TRAINING VOLUME, NOT TYPE, IS ASSOCIATED MOST WITH SPRINT PERFORMANCE IMPROVEMENTS
Reid, A. K., & Sleivert, G. G. (1999). The effects of concurrent aerobic and anaerobic training versus sequenced training on 80 s cycling. Medicine and Science in Sports and Exercise, 31(5), Supplement abstract 789.
This study investigated the influence of concurrent versus sequenced aerobic and anaerobic training on supramaximal cycling performance. Trained cyclists of both genders (N = 24) trained for a total of 19 weeks. The first five weeks established a stable baseline level of fitness. Then Ss were randomly assigned to either a concurrent 12-week aerobic-anaerobic training group, or a sequential 6-week aerobic, 6-week anaerobic training group. Sixty training sessions were completed, at a rate of five training sessions per week. Assessments were made at the end of each 6-week block of training.

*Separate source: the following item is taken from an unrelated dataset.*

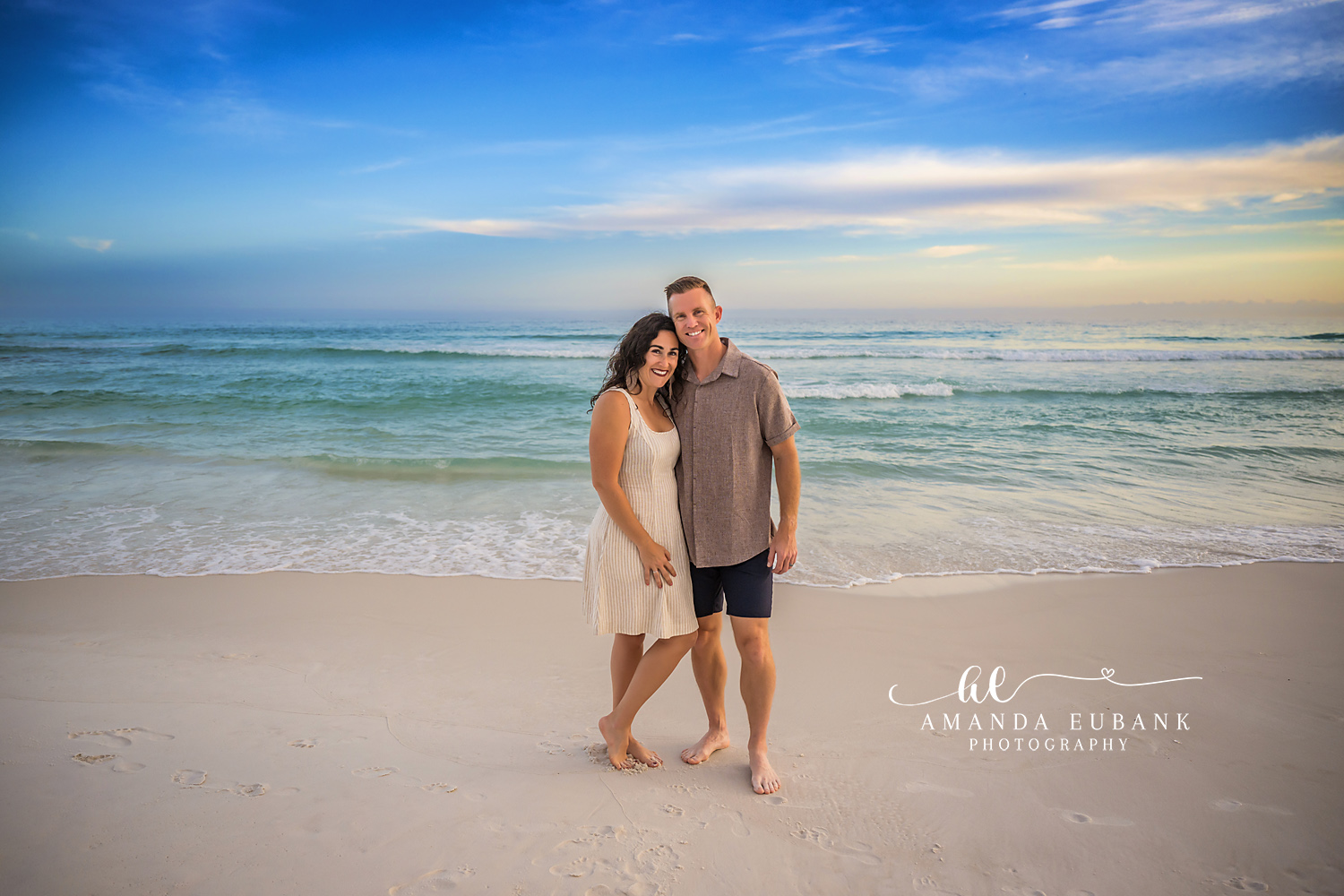 Destin Couple Beach Portrait at Henderson Beach State Park | Destin FL Family Photographer Husband and wife in cream and sage coastal outfits standing arm in arm on the white sand at Henderson Beach State Park in Destin FL with the Gulf and a blue sky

Both groups improved similarly in performance after 12 weeks of training. However, the way in which the 80-s test was completed differed between the groups. The concurrent group improved mainly because of an increase in maximal power at each stage of the test. No changes in aerobic function were revealed. The aerobic training group demonstrated changes associated with metabolic factors.
The order or mix of anaerobic and aerobic training does not differentially affect cycling performance. Rather, the total training volume is associated most with performance changes.
Implication. Training volume, not type of training, is associated most with sprint performance improvements in cyclists.